Letter to Attorney General Eric Holder

Attorney General Eric Holder
Office of the Attorney General
US Department of Justice
Washington, DC 20530

Re: Prison Rape Elimination Standards

Dear Attorney General Holder:

I write to express Human Rights Watch's hope that the Department of Justice will soon promulgate comprehensive and effective standards for the elimination of prison rape.  As you may know, Human Rights Watch has been investigating and advocating reforms to address prison rape by staff and inmates for over a decade. We strongly believe the standards submitted to you in June 2009 by the National Prison Rape Elimination Commission (the Commission), on which I had the privilege of serving as a commissioner, constitute such standards.  If adopted, those standards would go far toward eliminating rape in adult prisons and jails, juvenile and immigration detention facilities, and community corrections.

As you know, the Commission developed its standards over several years of extensive research, direct consultation with stakeholders and experts, including prison and jail administrators, and extended periods of public comment. The resulting standards reflect the best thinking and effective practices from around the country for the prevention, detection, and punishment of prison rape. They do not please everyone-no set of standards will-but they were developed in a transparent, painstaking process in which all were able to participate and all were listened to, and in which the commissioners balanced to the greatest possible extent all legitimate concerns and priorities.  

In your review of the Commission's standards, you may decide that a few should be clarified or strengthened even further. But we strongly urge you to view them as a coherent whole, and not to weaken or eliminate the substance or spirit of any one of them. Indeed, we believe the national goal of eliminating prison rape will best be served if you take the proposed standards as the basis for the final standards you approve.

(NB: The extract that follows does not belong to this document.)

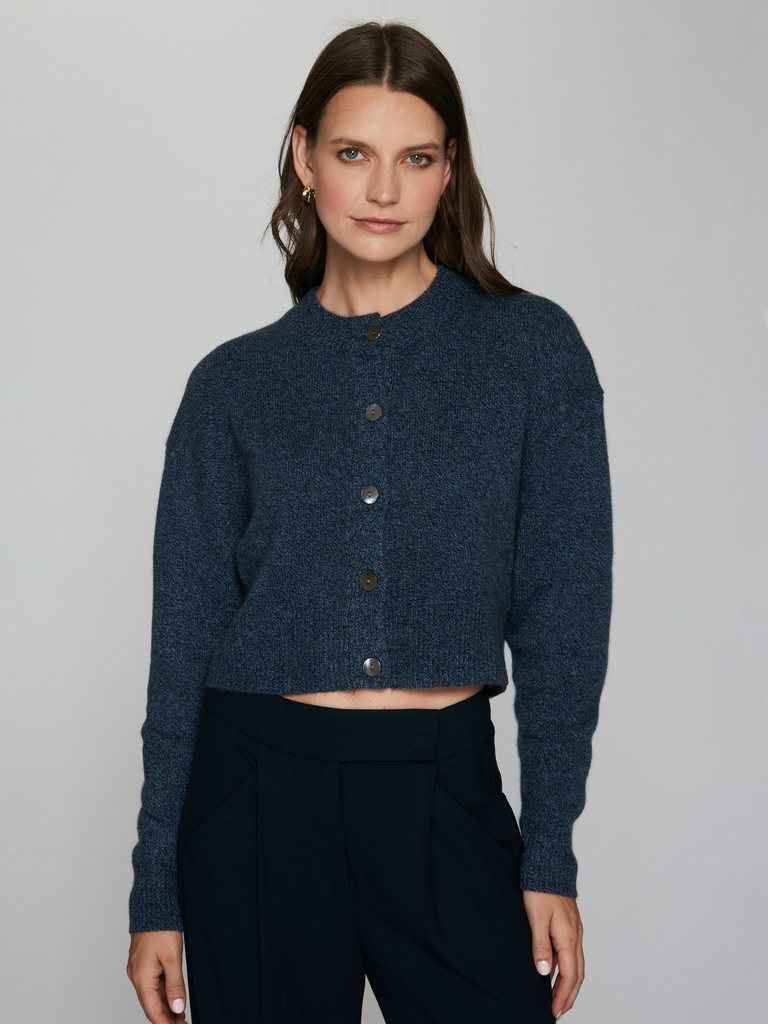 Autumn Cashmere | Cropped Cardigan in Bluewash | Fall Collection | R14275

We are well aware there are critics of the Commission's standards, including some who do not share the Congress's sense of urgency regarding prison rape, who mistakenly believe costs are the single most important consideration, or who are simply averse to meaningful external regulation and oversight of prison operations. Some may even believe the Working Group process offers them a chance to scuttle needed reforms and to weaken or dilute the standards proposed by the Commission. Human Rights Watch hopes the Justice Department proves them wrong.  

The Commission listened attentively to concerns about cost and feasibility and took them into account. The study you have commissioned may shed some light on the costs of complying with the Prison Rape Elimination Act (PREA), although it may not be able to offer significant guidance given the range of facilities covered by PREA and the differences in the steps they have already taken to respond to prison rape, in the quality of their management, and in their institutional cultures of violence and accountability. In any event, Congress did not prohibit PREA standards that impose costs, but only the imposition of "substantial" costs, leaving that term undefined. It is safe to say from the record that Congress did not intend to permit facilities or agencies that had done a poor job of protecting inmates to plead expense as an excuse for failing to improve their performance and institute the necessary safeguards. In addition, any cost of implementing the standards must be weighed against the continuing costs in human suffering, as well as the expense of defending lawsuits and the very costly settlements, that result from failure to protect inmates from sexual assault.

We also hope you will meet the congressional mandate of promulgating final standards within a year of the Commission's report and recommendations, that is, by June 2010. Although a growing number of prison authorities are trying to curb sexual violence, data from the Bureau of Justice Statistics reveal that tens of thousands of adults and juveniles are still sexually abused each year because officials have not instituted basic measures to protect them. Every week without standards is another week of missed opportunities to put an end to this horrific crime.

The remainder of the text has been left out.